_About this exercise_
Leaving the pictures aside, repeat every line below exactly.

_Supplied data_
-- Opening Marker --

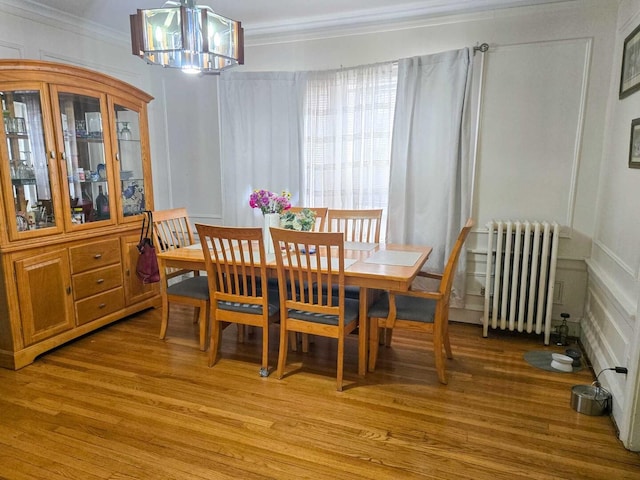 dining area featuring radiator, light wood finished floors, a decorative wall, and crown molding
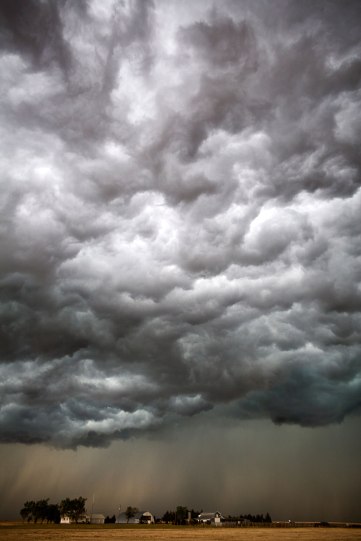 The Big Cloud: Each Year We Pray (photo © Camille Seaman)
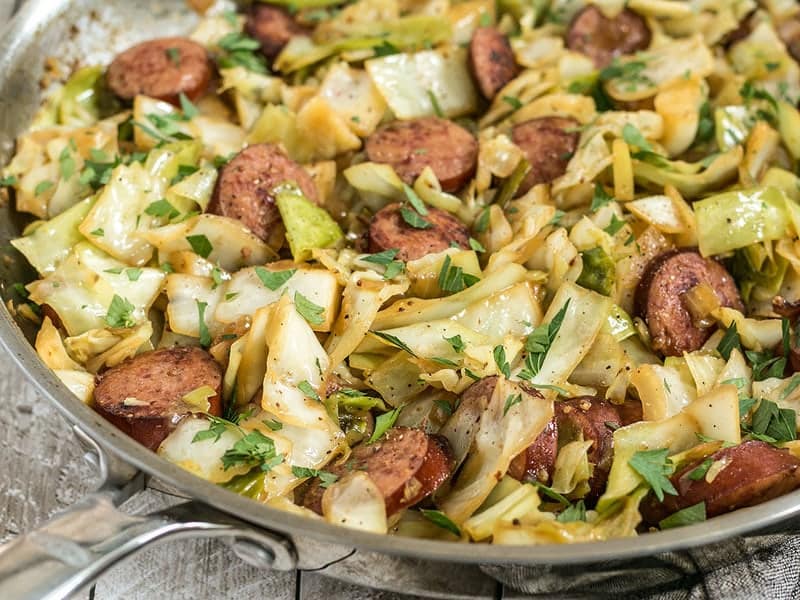This Kielbasa and Cabbage Skillet is a fast and hearty weeknight dinner full of fiber and flavor! Serve with noodles or as is for a lower carb meal. Budgetbytes.com A close up side view of Kielbasa and Cabbage Skillet in the pan.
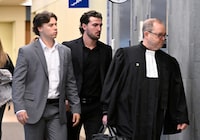 Former Victoriaville Tigres junior major hockey league players Nicolas Daigle, left, and Massimo Siciliano, follow defence lawyer Michel Lebrun, right, out of the courtroom on Wednesday, Oct. 11, 2023, in Quebec City. A Quebec judge will render a sentence in July for two former Quebec major junior hockey players who pleaded guilty to sexually assaulting a minor in June 2021 as their team celebrated a championship at a hotel. THE CANADIAN PRESS/Jacques Boissinot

-- Closing Marker --

_Finished exercise_
 dining area featuring radiator, light wood finished floors, a decorative wall, and crown molding
 The Big Cloud: Each Year We Pray (photo © Camille Seaman)
This Kielbasa and Cabbage Skillet is a fast and hearty weeknight dinner full of fiber and flavor! Serve with noodles or as is for a lower carb meal. Budgetbytes.com A close up side view of Kielbasa and Cabbage Skillet in the pan.
 Former Victoriaville Tigres junior major hockey league players Nicolas Daigle, left, and Massimo Siciliano, follow defence lawyer Michel Lebrun, right, out of the courtroom on Wednesday, Oct. 11, 2023, in Quebec City. A Quebec judge will render a sentence in July for two former Quebec major junior hockey players who pleaded guilty to sexually assaulting a minor in June 2021 as their team celebrated a championship at a hotel. THE CANADIAN PRESS/Jacques Boissinot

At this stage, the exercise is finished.